I'M FUCKING SICK AND TIRED OF THE SMARMY LITTLE DESCENTINTODEPTHS BS. THEY HAVE THE UTTER WORST DM. I'd like to make a citizen's arrest of their DM for being completely retarded. No, I'm sorry, strike that from the record, that gives retarded people a bad name. BCDMM, actually why don't you get yourselves a DM with Down syndrome? He'd be much much better than the ignorant, rules-fudging, cheesy-ass dork you currently have. God. GOD.

So this is great. Now what? Well I'm dead, readers, so don't expect me to post a lot. No no, I'm not in hell. Please, I was a good man, a FAMILY man, a PRODUCTIVE man. I was trying to save the world for crying out loud! And speaking of crying, I just want to make it clear that I didn't cry. The DM said I cried but I didn't. He's just a big liar. I said all that other stuff though. Oh, and Marivhon? Sorry to break your fragile heart, but I'm not really your dad. Like I'd have you as a son. I just said that to buy some time while Cinder touched himself and asked a zombie for advice. God, if you were my son I'd just abort. You know, just try again. ABORT MISSION. Yes I mean that dear readers. I'm not a vocal advocate of abortion as you may know, but I would definitely take exception if Marivhon would be the outcome. And whoever Marivhon's real father is, I'm sorry, you must be so ashamed of your retarded baby.

Well, readers, the afterlife is sort of like a giant airport. There are a lot of people just sort of wandering around down here. Did the God of Death just quit or something? It seems awfully disorganized. I'm here at a coffee shop using their computer. I bet you thought I was going to say 'I was at a Starbucks' and make a joke that those Starbucks shops are everywhere these days. But nope, it's not a Starbucks, it's called 'Coffee Chateau'. (I never heard of it either.)

But it seems that this is the only computer with internet access around, so there were about thirty other dead people waiting in line. And it's just slow, I'm actually using a modem with 2400 bps. 2400 bps. I died and went to 1987.

Well, I was murdered. That's that. It was unfair and the DM and the PCs are cheaters, but there's no point in whining about it because THEY SUCK anyway. So, sorry everyone, but you'll just have to find someone else to take care of the Knights of Armek. At least the Church of Grisbane is making owlbears, but you know what? I really don't care. I'M DEAD. I DON'T CARE ABOUT THE LIVING ANYMORE.

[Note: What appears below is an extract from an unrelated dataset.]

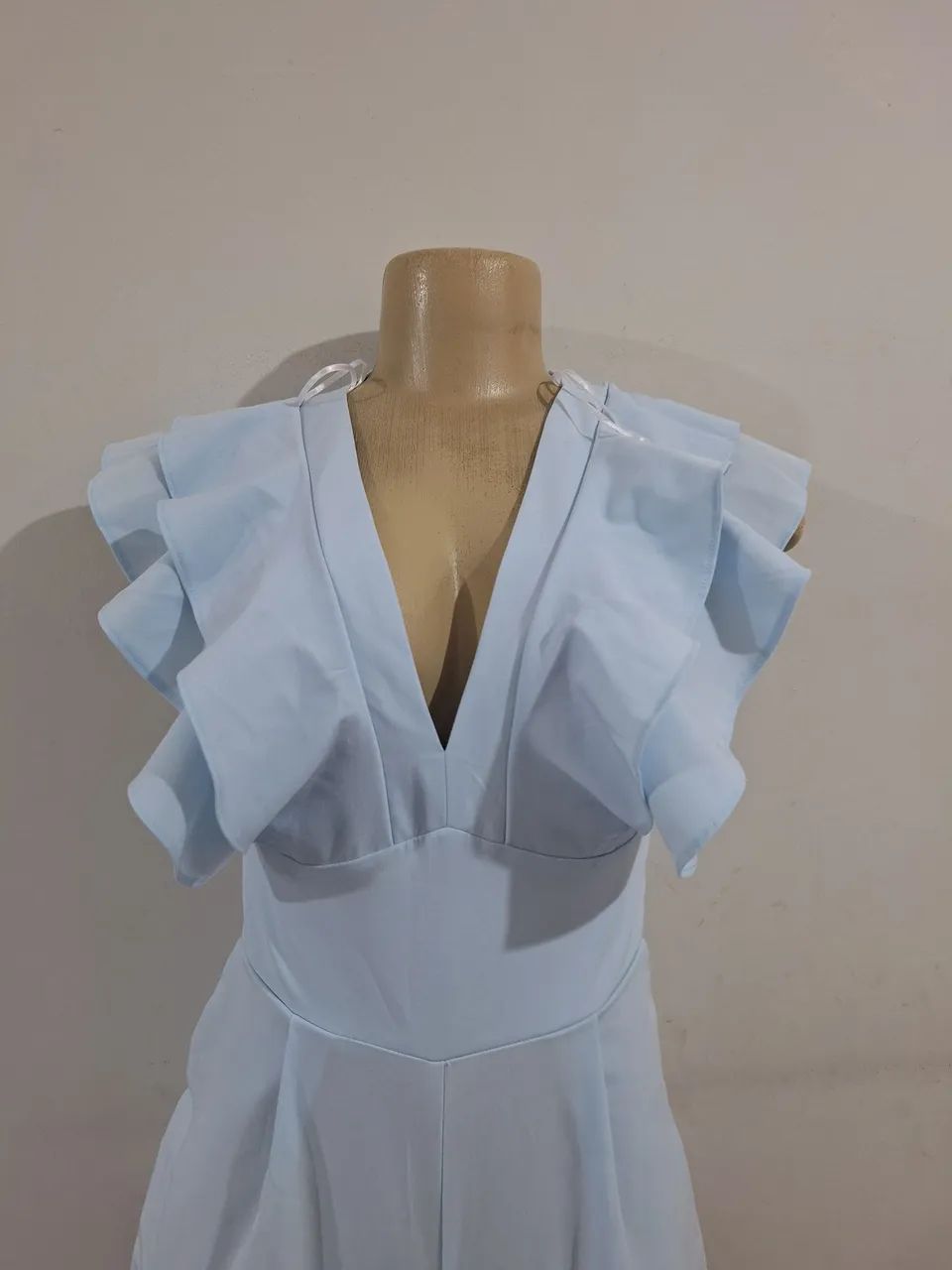 Macacão feminino com babado - Foto 2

It looks like my 30 minutes is almost up, so I need to sign off. I'll try to post if anything interesting happens, or at least let you know what the rest of the underworld is like, my friends in the 'blogosphere'.

GV.

Saturday, December 10, 2005

This is so LAME

Well dear readers, thought I'd take a minute to post here and tell you what's going on. In case you didn't catch all that over at nerd central, aka "descent into depths", I'm facing off against BCDM. They totally suck though and fucked it up. Actually, I thought I was a goner, but now it's looking a bit better for the home team, fingers crossed, knock on wood, etc. Leave it to them to fuck up a sure thing, am I correct? As that insipid hippie Gregolas would say, "I know you feeling me".

Please don't 'feel me'.

Anyway, Cinder apparently got grounded by his dad and can't go to the internet gaming cafe to log on and tell us what he's doing. I think he's fixing a window or something and can't really come to the phone right now. Whenever I feel rather proud of myself, I think about how this collection of complete dorks has foiled most (but not all) of my plans. Then again, when I'm feeling down, at least I know I'm better than them, so it helps. I guess it all equalizes in the end. I mean, did you guys read that where they went to that eyesore that is the 'Tower of Illusion' (ugh) and disguised themselves as bugbears? That was lame, but that's not my point. Did you catch that 'riddle' that they had to answer at the door. What a joke! Any high-performer special needs first-grader could answer that riddle. I'm surprised Stanislaus didn't just go for a knock-knock joke and get it over with. 'The moon'??!! I think that's the worst riddle I've ever heard. And I'm sure BCDM were so proud of themselves, able to answer that.

You know guys, I'm the Burghermeister of Grito. I'm a senior partner with the Church of Grisbane. I have SHIT TO DO. Can we please just wrap this up? I've got a stack of things in my inbox that require some attention. Thanks in advance.